Personally I also find it a bit misleading. As I see it, context is key. Something can be incredibly broken in one context and utterly useless in another.
My take on it would be Not all units and options in the game are worth using all of the time, against every opponent/list variation and under all circumstances. And I'm OK with that. Ttgs are limited systems, thru can only hold so much weight.
It's why I value game-building and the collaborative approach so highly.
Maybe it's a harsh metric, but in my experience everyone else making miniatures games has gotten there way better than GW has, by the simple expedient of doing edition changes only when they need to, rather than on a regular rotation because it's part of their business model.
I also want to stress that I don't think units shouldn't have bad matchups, they absolutely should. I think everything should be useful at least some of the time, and there's a lot of stuff in 40k that's never useful under any circumstances. Automatically Appended Next Post: Blackie wrote:Automatically Appended Next Post:
AnomanderRake wrote:
It is not at all balanced in the definition of the word I usually use, which is all units and options in the game are worth using.
I don't think it's realistic to expect that when some armies have 100-150 or even more datasheets. In 3rd the armies with the largest rosters had something like 30, and all named characters banned outside fun games that required the opponent's permission. People want super heroes, flyers, tanks, super tanks etc... now, possibily multiples of them. It's sad and the only reason why I may prefer an older edition but it's the reality.
Infinity does a lot better with ~80 datasheets per main faction (and much more complicated rules). Warmachine does a lot better with ~80-90 cards plus mercs/minions per main faction.

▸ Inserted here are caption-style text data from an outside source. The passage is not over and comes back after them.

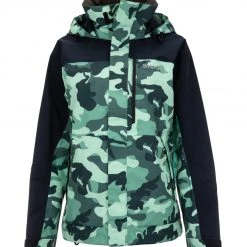 SimmsFishing Women’s Outerwear W's Simms Challenger Fishing Jacket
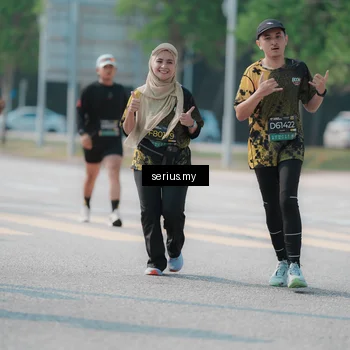 Runner Photo 6443053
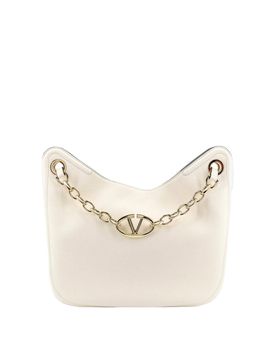 Borsa a tracolla in pelle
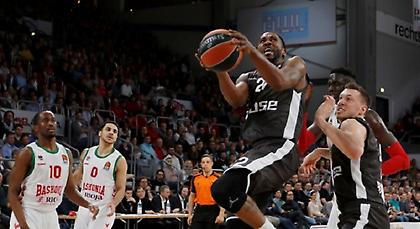 Δεν έκλεισε… δεκαήμερο στην Στρασμπούρ ο ΜακΝίλ!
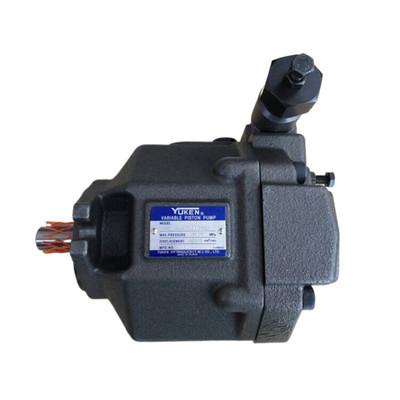 Pompes à vannes Yuken AR22-FR01C-22 pour le fonctionnement à faible charge de la pompe à vannes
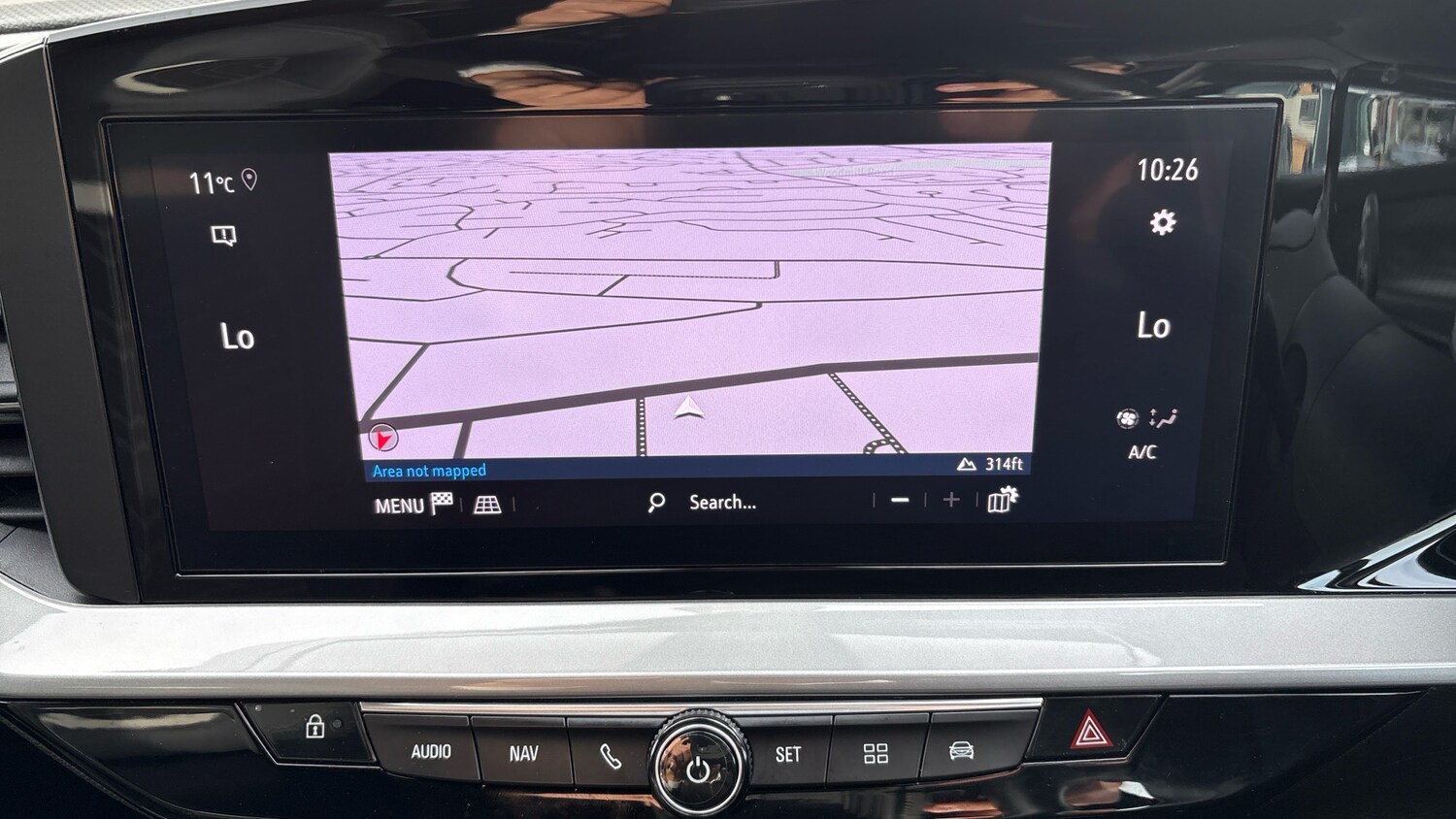 Used Vauxhall Mokka 2023 for sale - 77652929: Photo 42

I think it's perfectly realistic to expect the game to continue functioning with Flyers and Superheavies when we've seen GW make them function perfectly fine before. The problem has never been that Flyers exist, the problem has always been that GW chose to introduce them as Skimmers in 5th and gave them appropriate statlines/costs for that role (e.g. 12/12/10 Valkyrie as a Skimmer for 100pts, when it was 11/11/10 and 175pts as a Flyer in 4th), and never bothered to correct back when they brought in the Flyer rules, so the Flyers have the statlines of tanks. The problem has never been that Superheavies exist, the problem has always been that GW's determined to shoehorn them into too-small games. Superheavies in 30k (outside the Knights list, yes, I know that still exists) where they're subject to the 25% rule and you get one in your army period end of discussion (before you point out the Leviathan detachment that's explicitly permission-use) are perfectly fine, trying to make a Knights Codex function in 1,000pt games has never been remotely fine.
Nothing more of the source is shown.